Pizzazz
- Editor: Bobby Miller
- Categories: Pop culture, comics
- Frequency: Monthly
- Publisher: Marvel Comics
- First issue: October 1977
- Final issue: January 1979
- Country: United States
- Language: English

= Pizzazz (magazine) =

Magazine published by Marvel Comics

Pizzazz was a magazine published by Marvel Comics from 1977 to 1979, for a total run of 16 issues. Aimed at youth culture, Pizzazz mostly contained articles about popular movies, rock stars, et cetera, as well as comic strips and puzzles.

== Contents ==
Recurring features included a comic about Amy Carter's life as the President's daughter, a serialized Star Wars comic, and a one-page comic by Harvey Kurtzman (typically a "Hey Look!" piece done for the Marvel predecessor Timely Comics in the 1940s) on the last page. Regular columns included the reader dream-analyzing "Dream Dimensions" and the advice column "Dear Wendy". Once the magazine was established, a regular feature was a full-page illustration of some crowded scene in which the names of readers who had written letters to the magazine were hidden.
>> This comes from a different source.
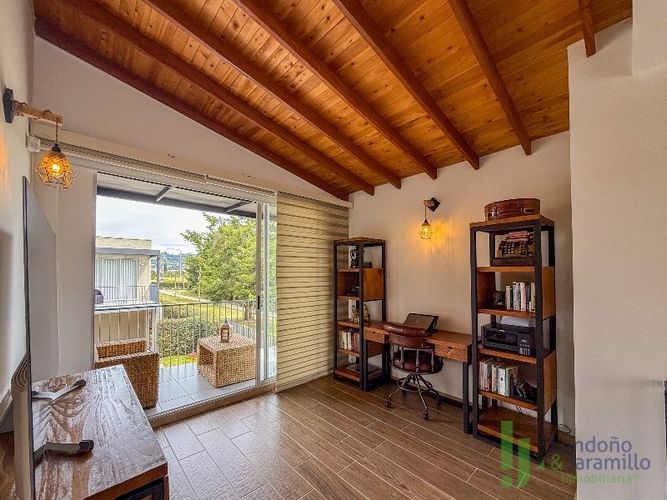 Casa de 3 alcobas en venta en La Ceja, 216 m² · foto 15 de 20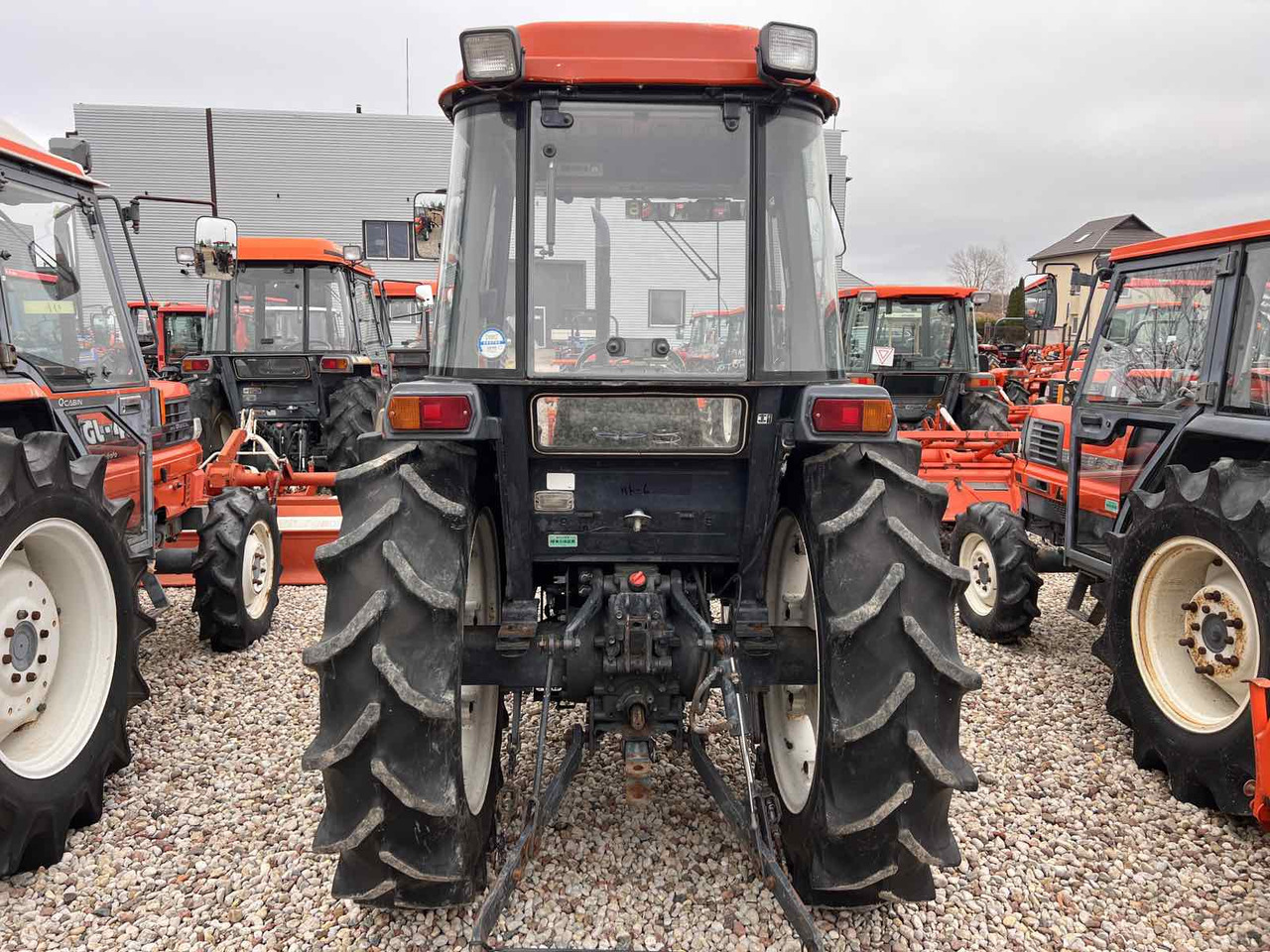 Kubota GL53 - Traktor guseničar: slika 3 Kubota GL53 - Traktor guseničar: slika 3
The covers showed either photos of popular celebrities, or photo-realistic drawings of celebrities and/or Marvel superheroes. Shaun Cassidy was featured on six covers, The Hulk appeared on five covers, Spider-Man on four, and Peter Frampton on three.

Topics mentioned in the magazine included (but were not limited to):
- The original Star Wars film
- Grease
- Meat Loaf
- The film Sgt. Pepper's Lonely Hearts Club Band
- Battlestar Galactica
- Superman: The Movie

=== Serialized Star Wars stories ===
The 1977 installments of the serialized Star Wars comic featured in Pizzazz are the first original Star Wars stories not directly adapted from the films to appear in print form, preceding both the original stories in Marvel's Star Wars comic series and the 1978 novel Splinter of the Mind's Eye.

The first story arc, titled "The Keeper's World", was by Roy Thomas, Howard Chaykin, and Tony DeZuniga. It was later reprinted by Dark Horse Comics. The second story arc, entitled "The Kingdom of Ice", was by Archie Goodwin, Walt Simonson, Klaus Janson, Dave Cockrum, and John Tartaglione. The final two chapters were scheduled to be printed in issues #17 and #18, but the magazine was canceled after the 16th issue. These two chapters were printed, along with the rest of the story, by Marvel UK in their Star Wars Weekly comic, appearing in issue #60 in April 1979.